Given is: ..a point P on the directrix of a parabola with foci $F$.
What I want to show is: the tangents of a parabola given by $y=kx^2$ through $P = (x_0, y_0)$ are orthogonal and the line between the points, where the tangents touch the parabola, contains the foci F.
What I have done is:
I need a tangent through $P$ that touches the parabola in $B = (a, ka^2)$. So I have $m = \frac{\delta x}{\delta y}=\frac{ka^2-y_0}{a-x_0} \rightarrow ka^2-y_0 =m(a-x_0).$
However, with the first derivate of the parabola I get: $y' = 2ka$ and therefore $m = 2ka \rightarrow a = \frac{m}{2k}$.
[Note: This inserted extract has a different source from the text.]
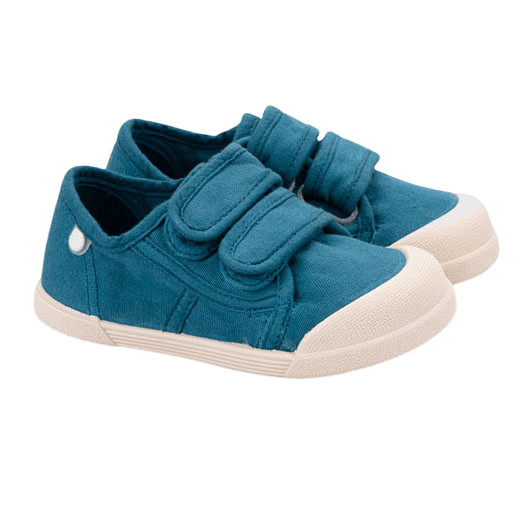 ZAPATILLAS RESPETUOSAS IGOR ·LONA VELCRO AZUL PETRÓLEO· - Happy Moments Baby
From 1 and 2 I get: $k\cdot \frac{m^2}{4k^2} -y_0 = m\cdot (\frac{m}{2k} - x_0)$. And after some steps: $0 = m^2 - 4kmx_0 + 4ky_0$.
So because $y_0 < kx_0^2$ (because $P$ is external to the parabola!) I should get two solutions for this quadratic equation, which means 2 possible values $m_1, m_2$.
$m_1 = 2(kx_0 - \sqrt{x_0^2 k^2 -ky_0})$ and $m_2 = 2(kx_0 +\sqrt{x_0^2 k^2 -ky_0})$.
Finally I have $m_1 \cdot m_2 = 4ky_0 = -1 \leftrightarrow y_0 = \frac{-1}{4k}$ or in words: $P$ must be on the directrix! So if the tangents are orthogonal, P must be on the directrix. This should be enough for the first step?
I now have to show that the line, that contains the 'touching points' $B = (a, ka^2)$ and a second points $C = (c, kc^2 )$ also contains the foci $F$. How can I now show this?
Many thanks for any hints and solutions (or corrections) :)